**WHAT THE TASK REQUIRES:**
Pictures are to be left out. Return exactly the lines below from the one with "ハニエル(Haniel)/カーボキシー症例" up to and including the one with "Test médico para".

**SOURCE RECORDS:**
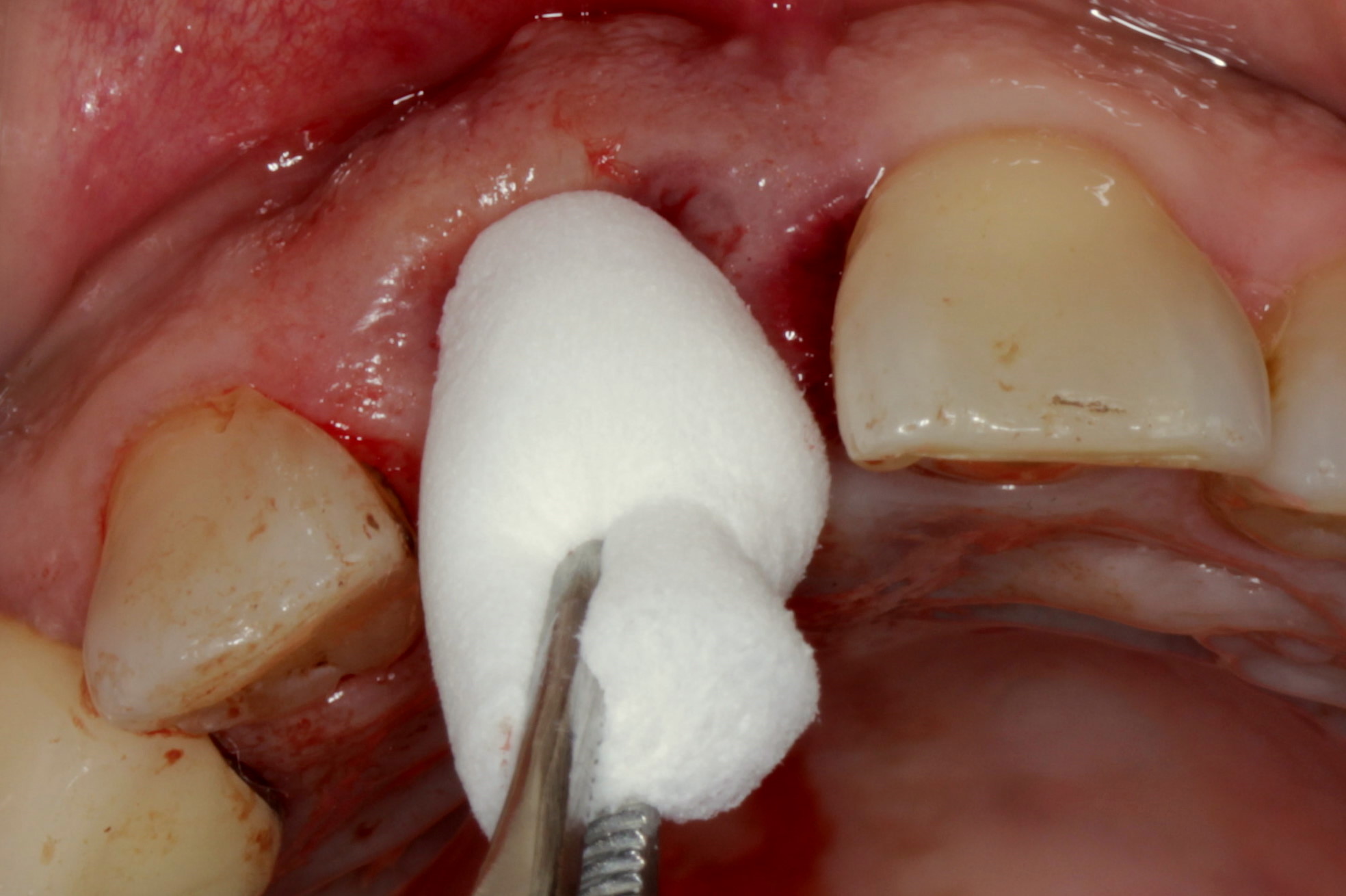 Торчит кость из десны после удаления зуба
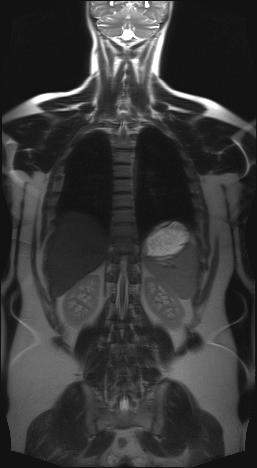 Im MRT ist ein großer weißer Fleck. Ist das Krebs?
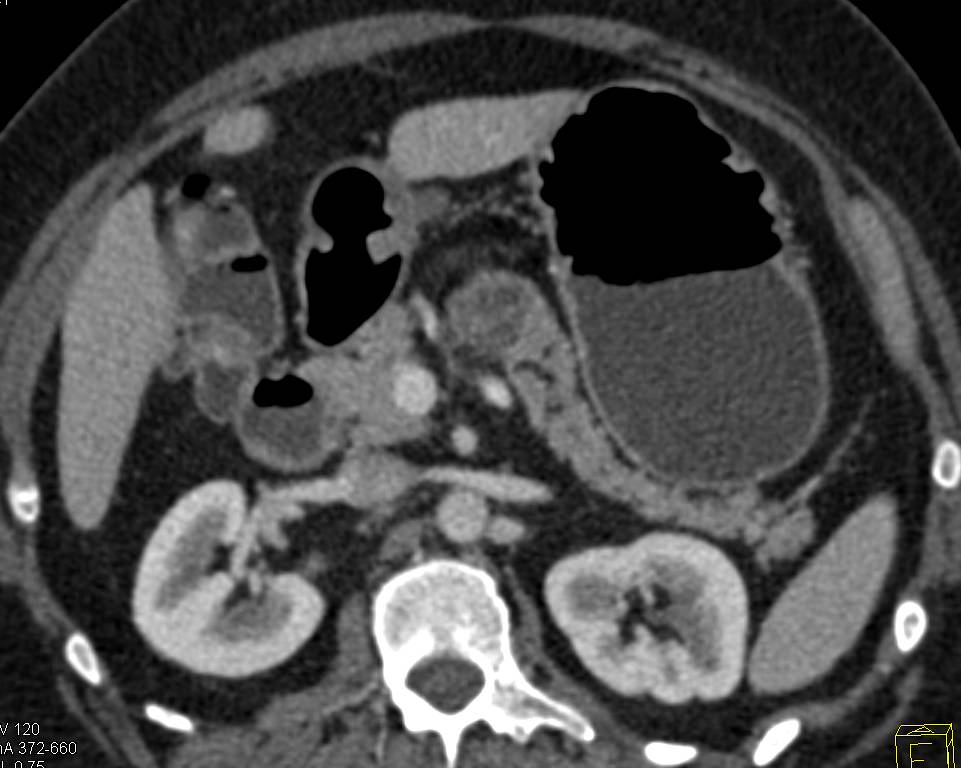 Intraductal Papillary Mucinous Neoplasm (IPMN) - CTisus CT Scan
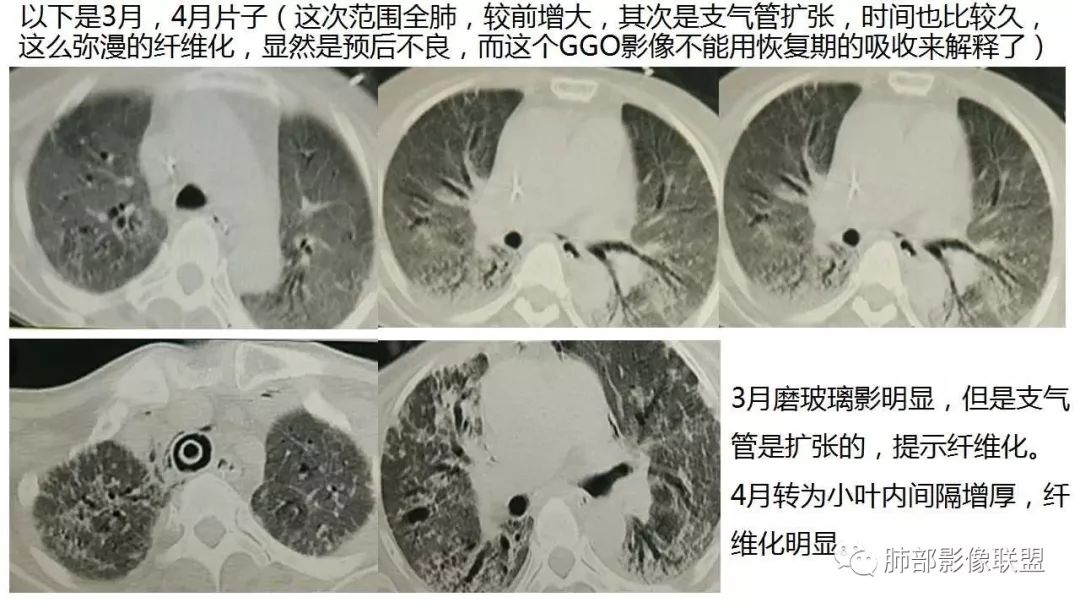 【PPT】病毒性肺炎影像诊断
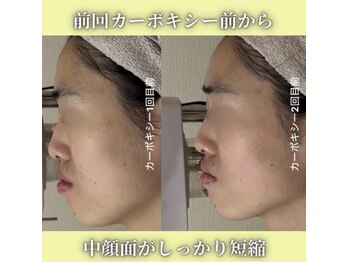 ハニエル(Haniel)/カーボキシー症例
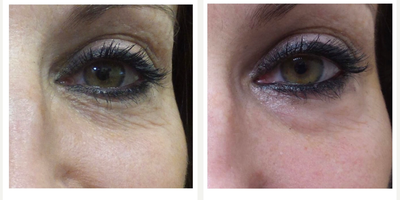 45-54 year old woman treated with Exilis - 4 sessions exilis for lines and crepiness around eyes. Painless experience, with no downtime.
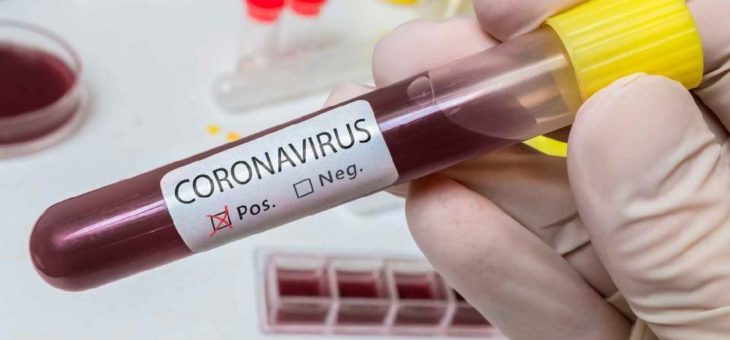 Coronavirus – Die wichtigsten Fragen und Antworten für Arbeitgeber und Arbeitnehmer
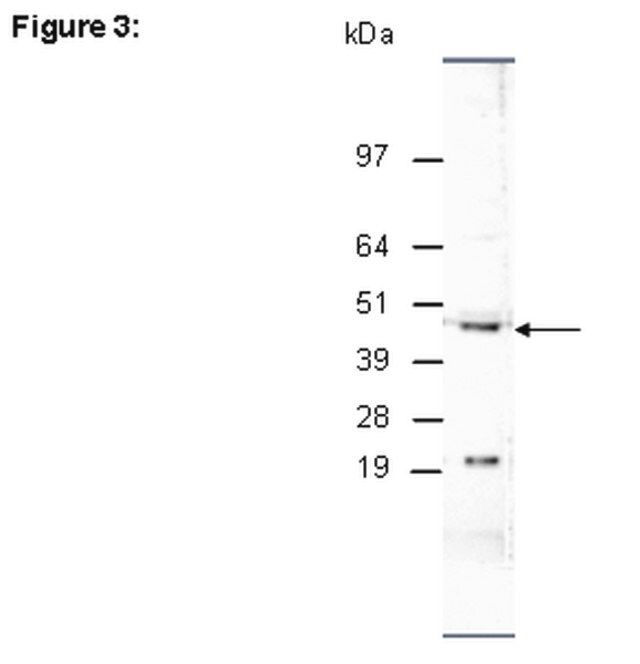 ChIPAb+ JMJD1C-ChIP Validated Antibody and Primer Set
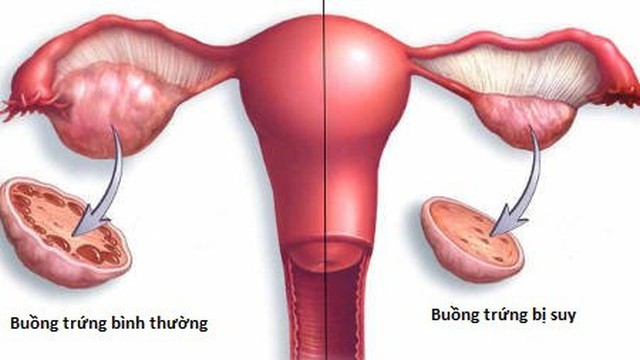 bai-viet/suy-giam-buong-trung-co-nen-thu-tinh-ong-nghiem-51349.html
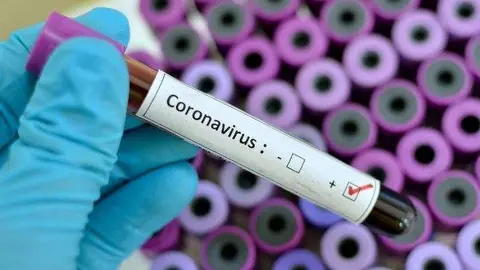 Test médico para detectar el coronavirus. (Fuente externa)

...

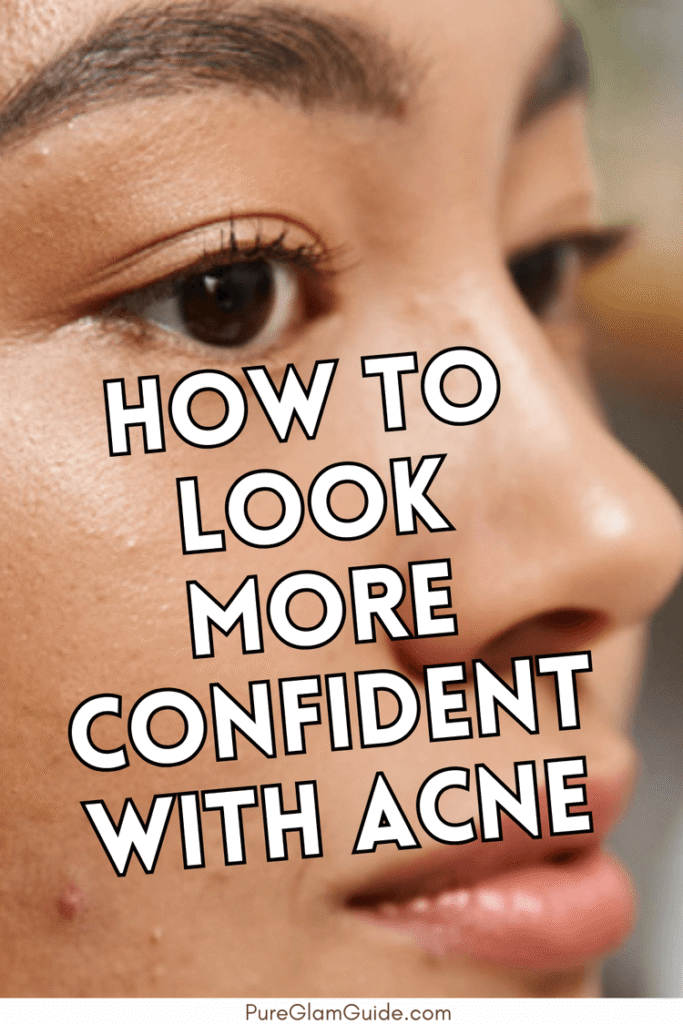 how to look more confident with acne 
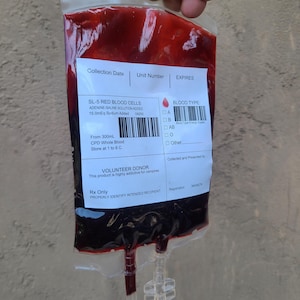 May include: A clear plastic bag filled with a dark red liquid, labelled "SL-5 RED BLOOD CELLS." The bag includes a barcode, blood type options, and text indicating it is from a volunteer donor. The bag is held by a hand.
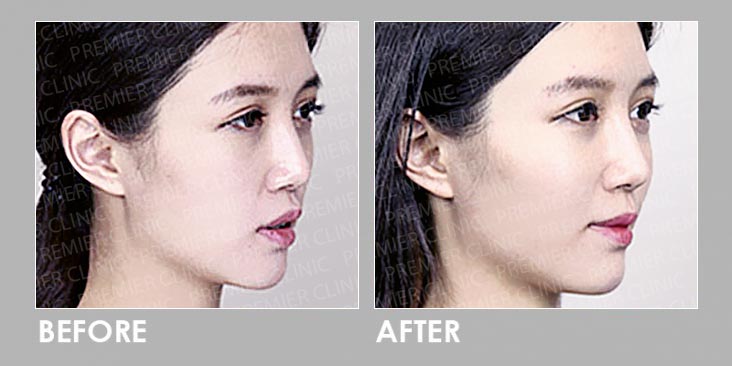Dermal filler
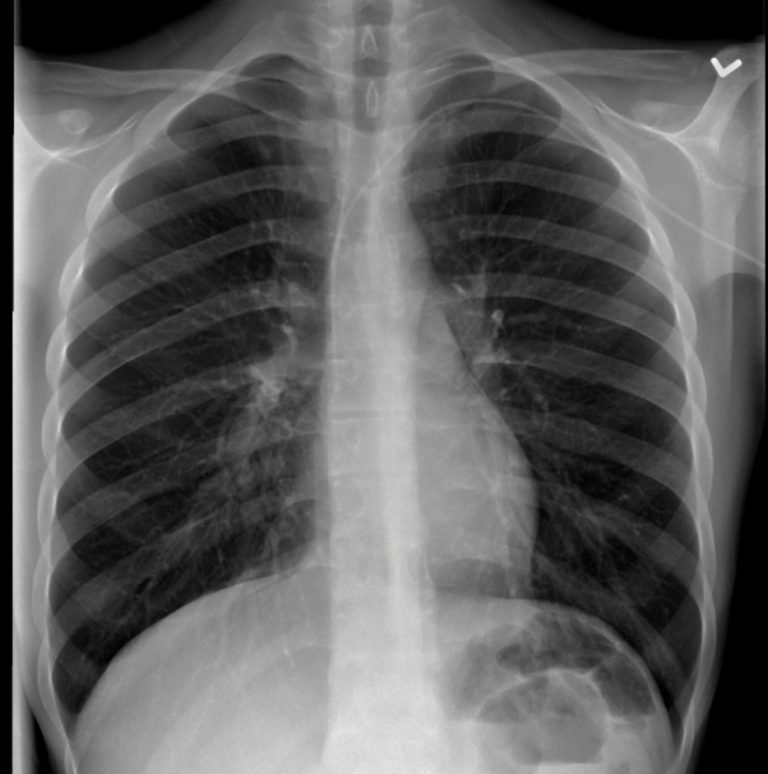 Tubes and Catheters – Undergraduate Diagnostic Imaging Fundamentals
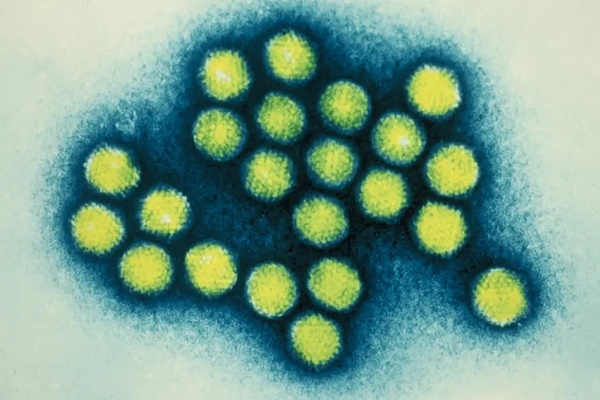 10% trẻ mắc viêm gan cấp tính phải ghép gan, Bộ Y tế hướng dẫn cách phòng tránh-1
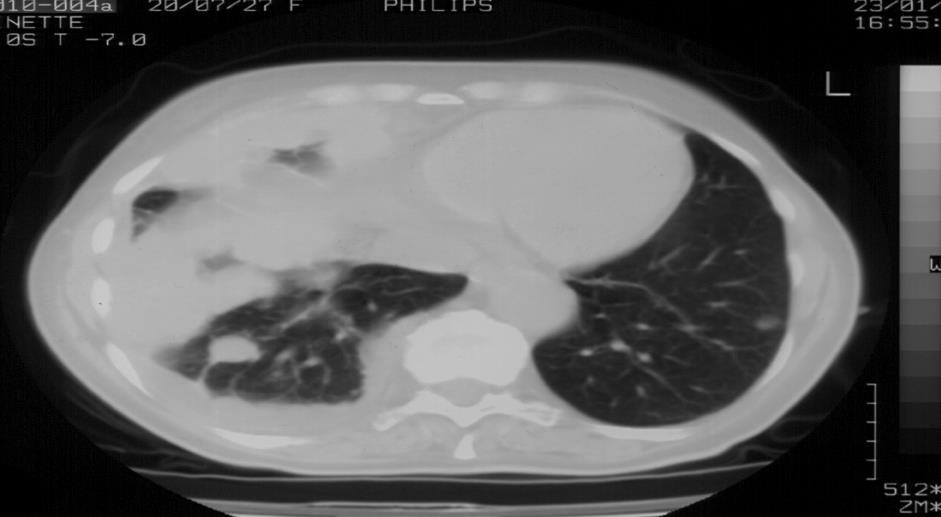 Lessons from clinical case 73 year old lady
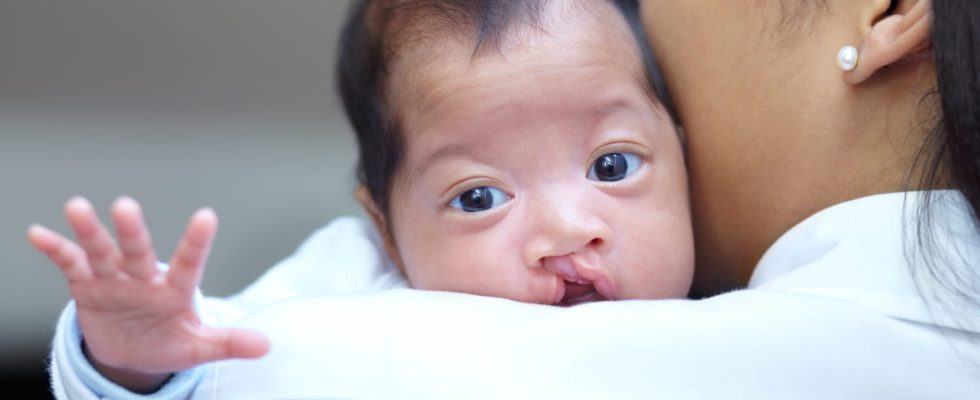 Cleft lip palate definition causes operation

**RESULT OF THIS TASK:**
 ハニエル(Haniel)/カーボキシー症例
 45-54 year old woman treated with Exilis - 4 sessions exilis for lines and crepiness around eyes. Painless experience, with no downtime.
 Coronavirus – Die wichtigsten Fragen und Antworten für Arbeitgeber und Arbeitnehmer
 ChIPAb+ JMJD1C-ChIP Validated Antibody and Primer Set
 bai-viet/suy-giam-buong-trung-co-nen-thu-tinh-ong-nghiem-51349.html
 Test médico para detectar el coronavirus. (Fuente externa)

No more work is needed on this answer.